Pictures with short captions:
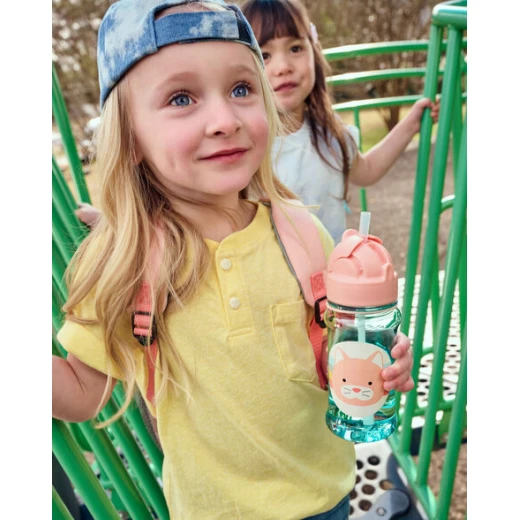 Skip Hop ZOO Cat Straw Bottle Tritan Renew 12 oz, Blue, for Toddlers - Image 3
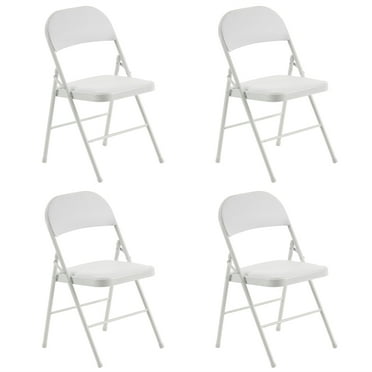 Ktaxon 4 Pack Folding Chairs Wedding Party Chair Foldable Dining Chair with Metal Frame and Soft Cushion White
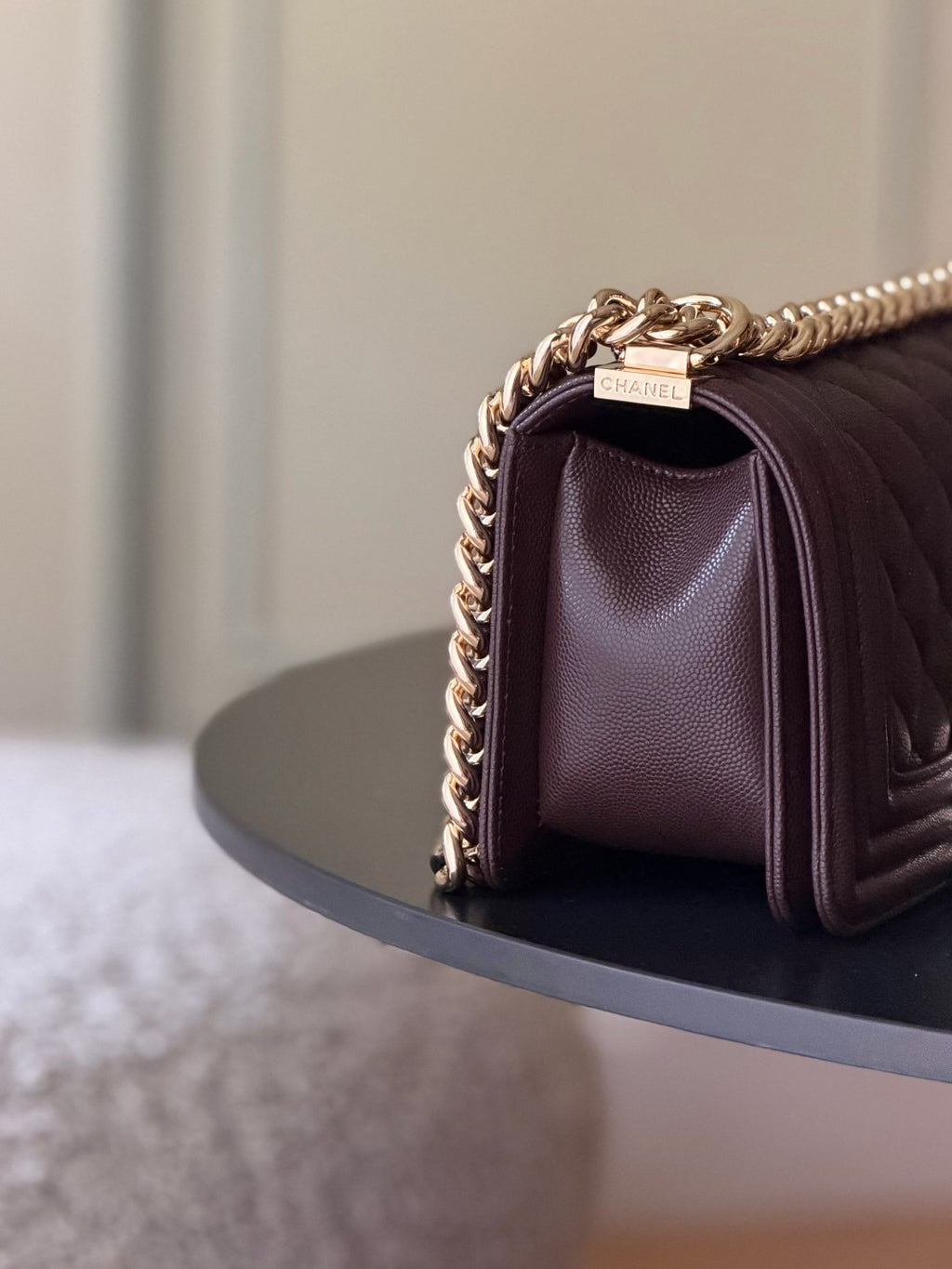 Chanel 26 A Le Boy Bag — Coffee Brown with Gold Hardware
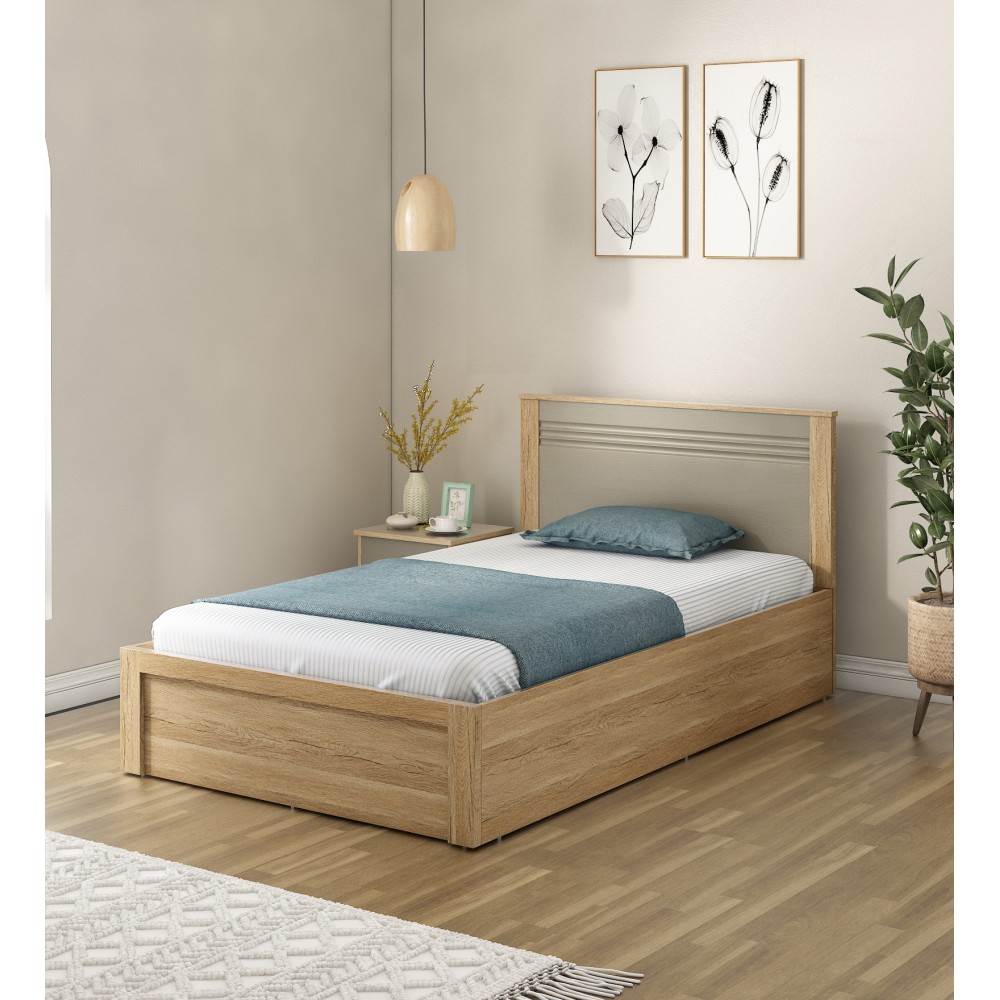 Nester Single Bed With Box Storage - Sebastian Oak
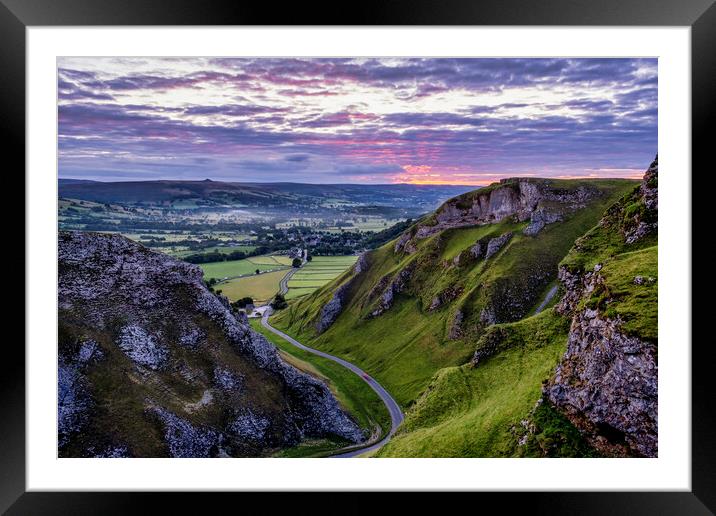 Winnats Pass Sunrise Framed Mounted Print by Tim Hill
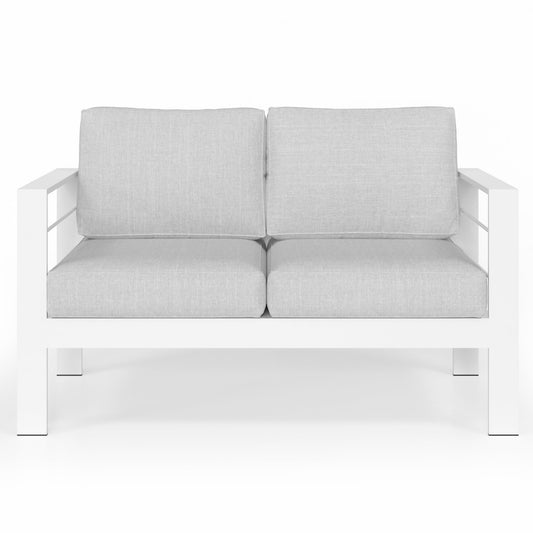 CozyHom 2 Seats Outdoor Patio Aluminum Loveseat Furniture Set, Contemporary All-Weather Patio Conversation Chair Set With Cushions, White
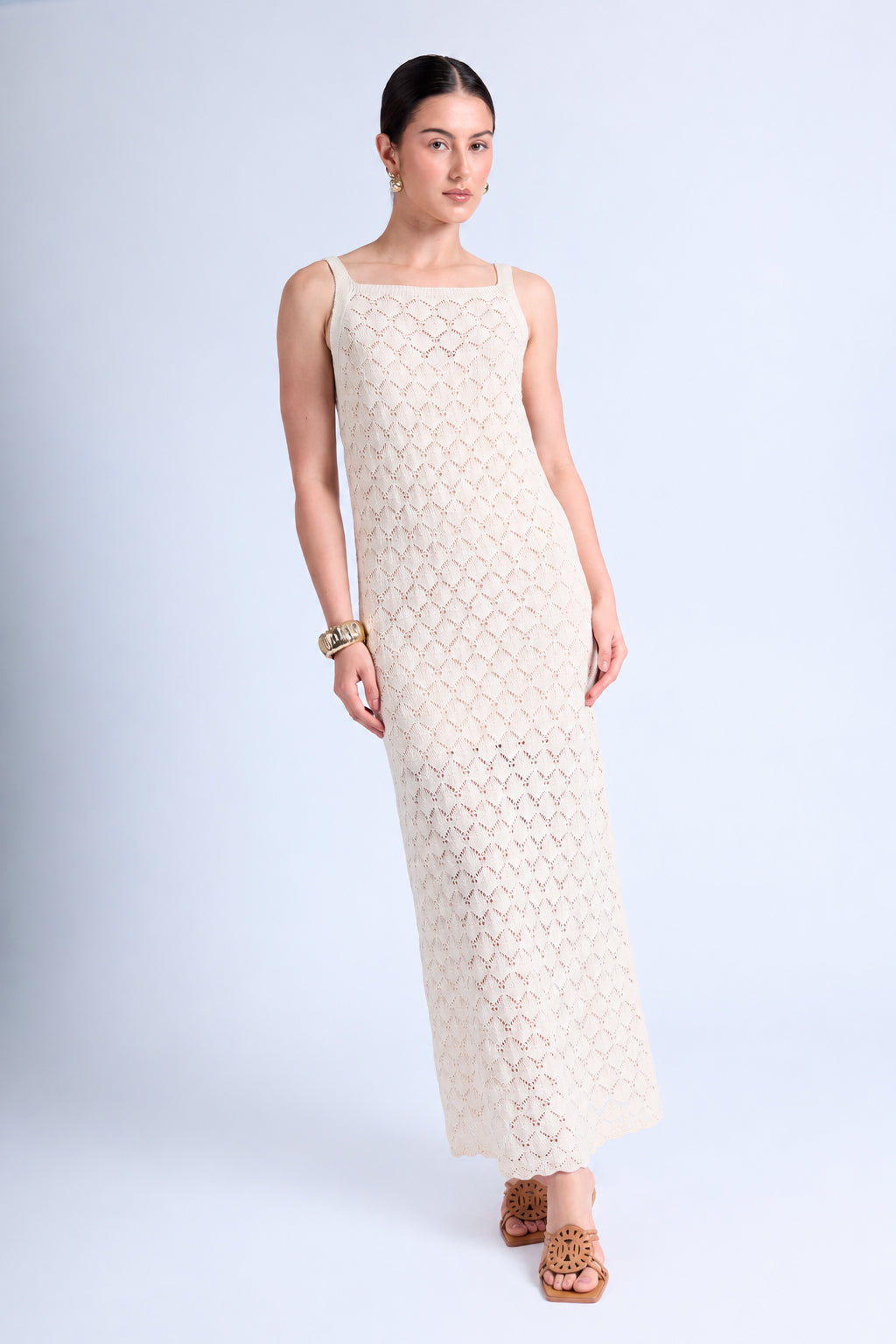 Vestido Knit Largo Tiras - Beige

Exercise goal:
Leaving out every picture, transcribe exactly the lines from the line that contains "Winnats Pass Sunrise" through the final line of the entries above.

Task output:
 Winnats Pass Sunrise Framed Mounted Print by Tim Hill
 CozyHom 2 Seats Outdoor Patio Aluminum Loveseat Furniture Set, Contemporary All-Weather Patio Conversation Chair Set With Cushions, White
 Vestido Knit Largo Tiras - Beige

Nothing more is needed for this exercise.